You can catch me sitting here in my office chair a good part the day, working, and analyzing myself as I work. I wonder why my shell is so thin. I wonder why I turn to men to hold me, instead of holding myself.

In the meantime, online dating is just a click away. I've even started to revise my online profile. "If we come with heavy baggage, we'll help each other unpack," I write. I describe myself as "a single mom who takes the trash out." (I'm not sure what I mean by that, but I like the sound of it. Do you?)

A publicist for JDate wrote to me this week, offering me a complimentary six-month membership, because maybe I'll meet a hot Jewish lawyer who can show a bit more vulnerability than Arnold Schwarzenegger. And then I'll write something gushing about how this premiere Jewish dating site led me to love.

The only problem is, I know it's not going to happen.

At first, when my book came out, I was having a ball being The Dating Writer.
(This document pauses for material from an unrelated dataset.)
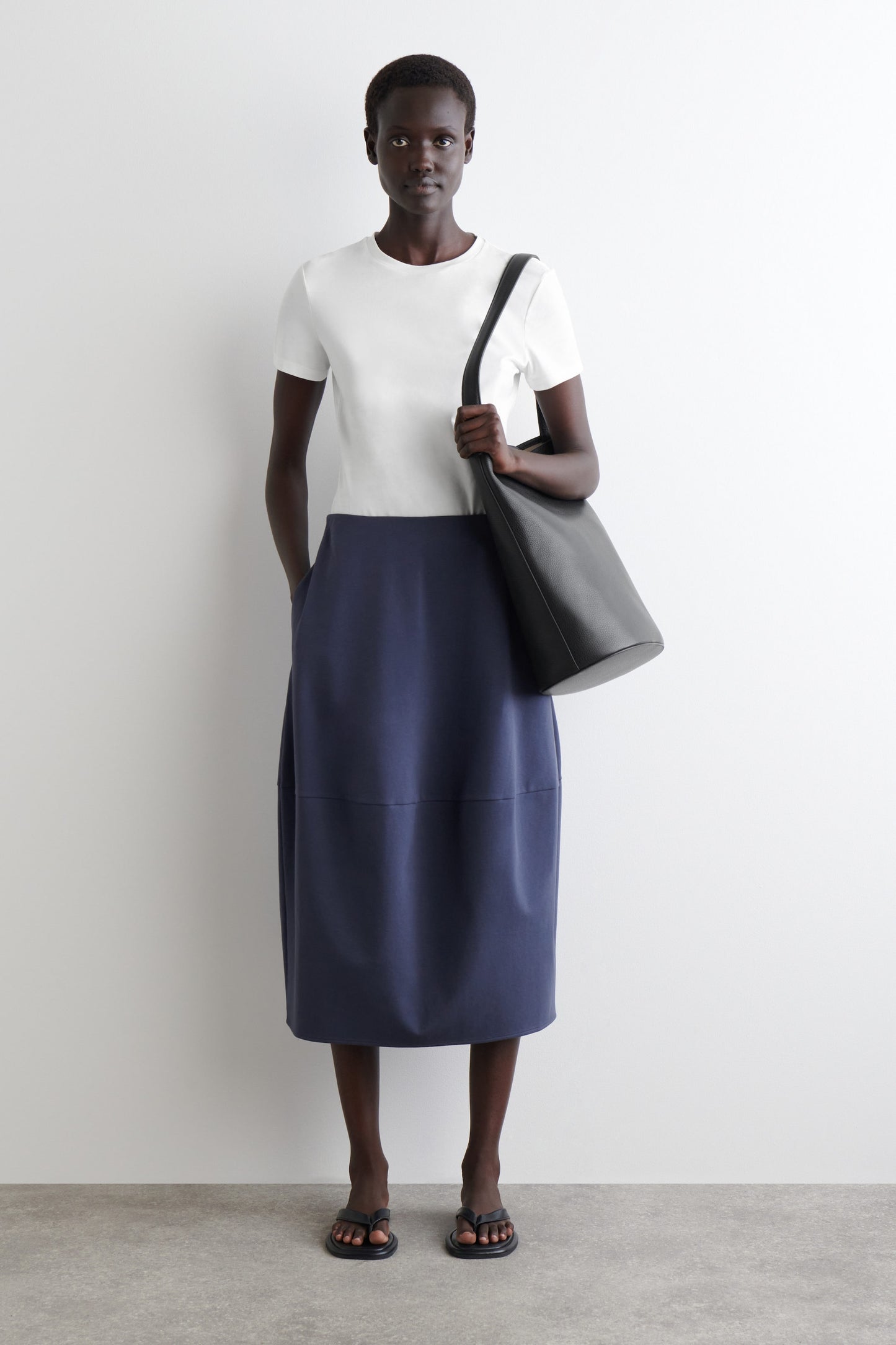 Rounded Cotton Midi Skirt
But right now, I'm feeling a little stuck in this cubicle. I'm supposed to be dating. My column at LifetimeTV.com launched this summer and I've got to get back out there. But I don't want to.

Instead, I'm sitting here at my desk, writing a 5th grade textbook. My chair has a massager pad, a gift from a local single dad cop I had a massive crush on years ago. Unfortunately, I can't find the cable to make the massager work. How typical is that?

It's time for me to spin my chair around and gaze another direction -- within -- even when it hurts.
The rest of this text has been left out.